State dependent diversification models

Background

The goal of this post is to get the reader familiarized with state dependent diversification models. In the literature they are called state dependent speciation and extinction, because the models link the value of the states to the rates of speciation and extinction. This idea will be clearer as we work through the workshop excercises.

Note: This post is slowly evolving so materials will be changing over time.

Introduction to Bayesian Statistics and inference

For background infromation about some basic Bayesian statistics and MCMC algorithm to obtain posterior distribution samples plese reafer to the the slides below. This slides are from a short intro workshop I taught in Botany 2018 (Rochester, MN).

Bayesian stats slides here
Markov chain Monte Carlo (MCMC) slides here

Really good lecture from Paul Lewis is available in this video.

Introduction to Continuous Time Markov Chains (CTMC)

Continuous time Markov chains are our power tools when we are trying to model any discrete trait evolution in a phylogeny. CTMCs are stochastic processes, that is a random variable that we follow throughout time that is measuring the outcome of interest.

The slides below are from the Botany workshop in 2018

Continuous Time Markov Chains slides here

but more complete information can be found in this long lecture that I taught in the Midwest Phylogenetic comparative methods workshop in 2019

CTMC lecture.
RevBayes code mk2.Rev

State Speciation and Extinction Models

Here you will find all the materials about state speciation and extinction models (SSE).
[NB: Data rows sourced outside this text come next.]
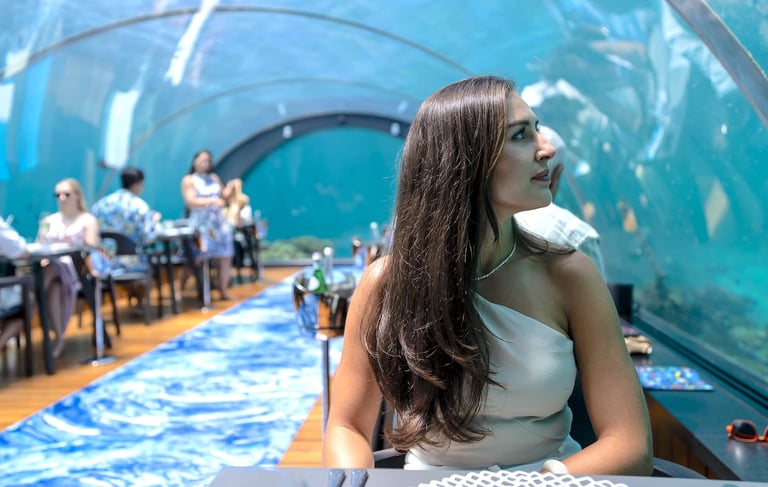 Hurawalhi Maldives 5.8 underwater restaurant
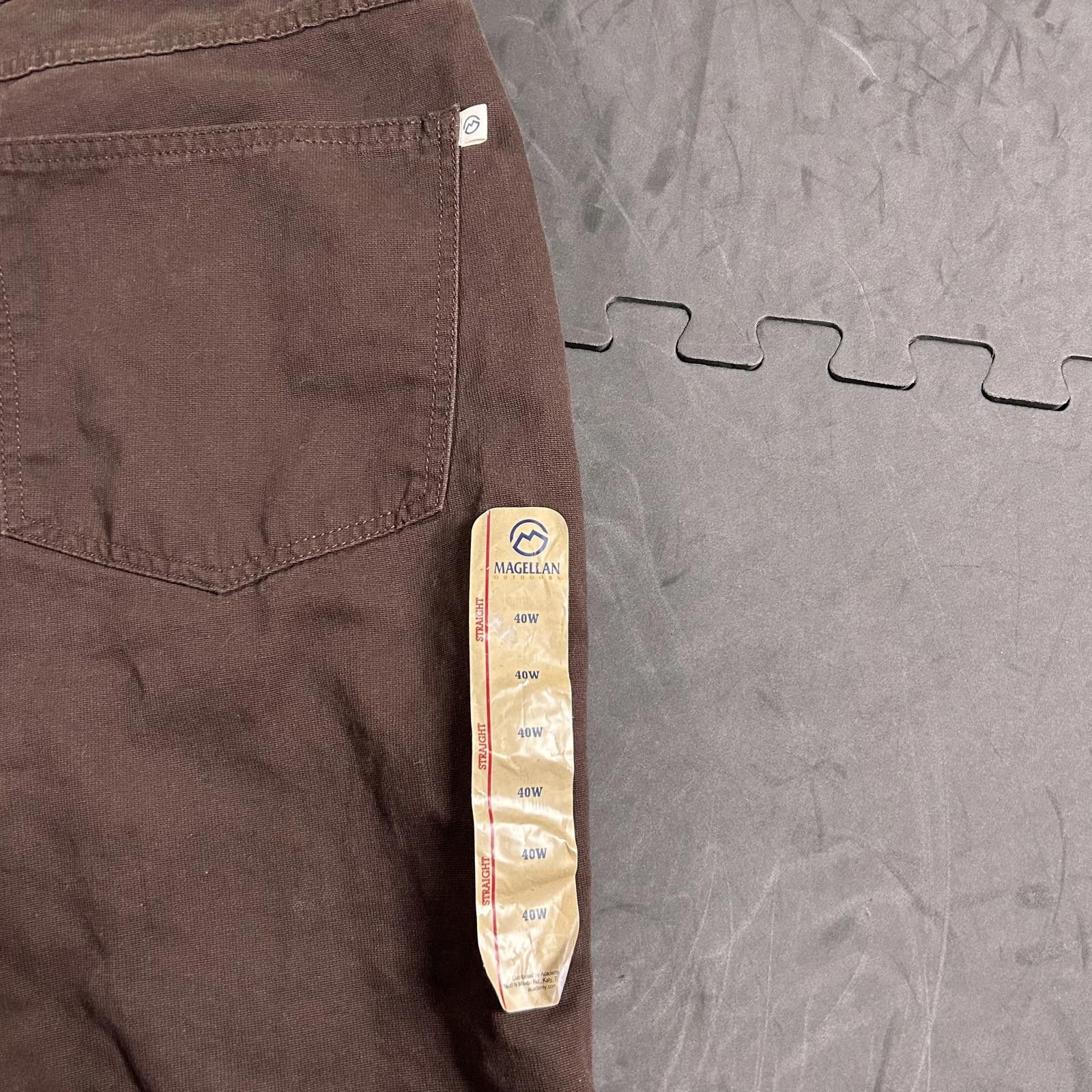 Other Plus size women’s Brown jeans 40w (40x31) Size 40" / US 18 - 6 Thumbnail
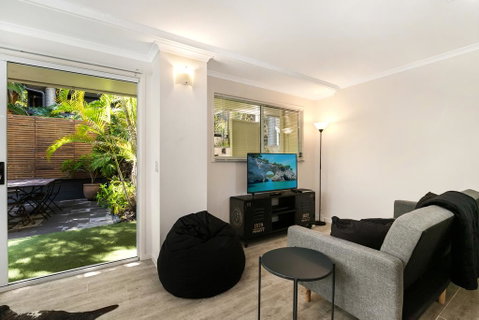 Tropical Townhouse With Two Courtyards And Pool - Accommodation Search 0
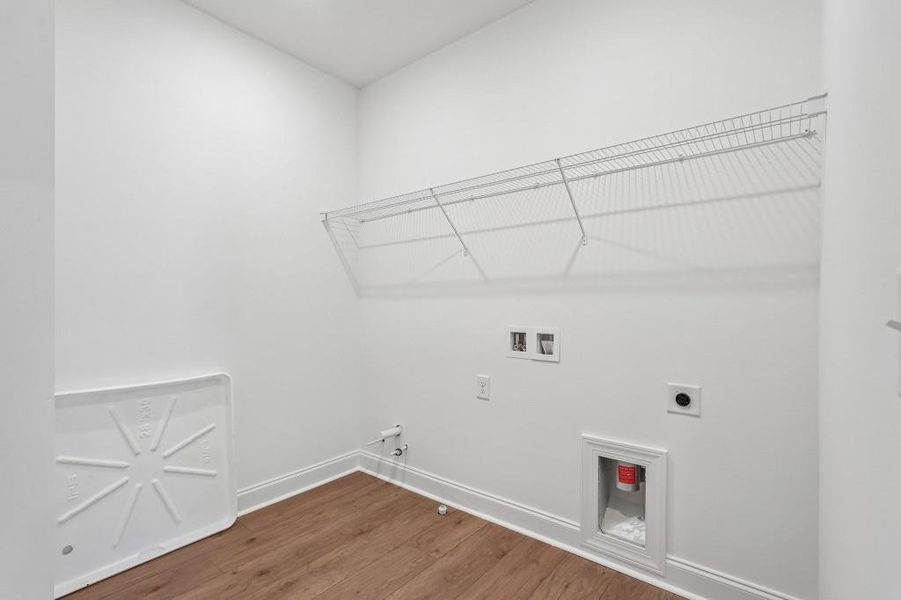 Spacious, unfurnished interior of a new home in The Preserve at Killian Hill, Lilburn (Image 22). Spacious, unfurnished interior of a new home in The Preserve at Killian Hill, Lilburn (Image 22).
Most of the post is mine but there is work from of Dr. Daniel Caetano and Carrie Tribble who helped me teach the SSE models workshop at the Stand-alone SSB meeting 2020, at Gainesville, FL.

Binary state speciation and extinction model (BiSSE). A brief introduction

You will find some slides here from the Botany workshop in 2018. However, I more detailed explanation of BiSSE using RevBayes is found below.

BiSSE is a stochastic process that is the composition of two different birth-death stochastic processes connected by a transition rate. The key assumption of a BiSSE model is that the trait can be categorize in two states, each state with its own birth rate \(\lambda\) and death rate \(\mu\) representing the splitting of a lineage or the extinction of a lineage respectively. This is a big assumption because the implication is that the accumulation (or the lack of) of lineages is link to the value of the state (0 or 1) but nothing else.

Often in the literature, including the original BiSSE article, the model is represented graphically by circles and arrows connected as the figure shown below.

Figure 1. BiSSE graphical representation in most published papers. Trait is assumed be be binary, parameters \((\lambda_0, \lambda_1)\) are speciation rates link to each of the states, and parameters \((\mu_0,\mu_1)\) are extinction rates. The transition rates \((q_{01},q_{10})\) indicate how often the value of the trait changes.

The reason why this model is often represented as “circles and arrows” is because it is much easier to communicate than the mathematical representation. The mathematical representation behind BiSSE model is based on stochastic differential equations (known also as Kolmogorov forward equations). The goal of the equations is to define in “instantaneous time” (like a derivative) exactly what precedes the origination of a clade that is either in state value 0 or state value 1 in a very very short time frame.

Figure 2. Stochastic differential equations that define speciation in BiSSE

Why is it important to know about these equations?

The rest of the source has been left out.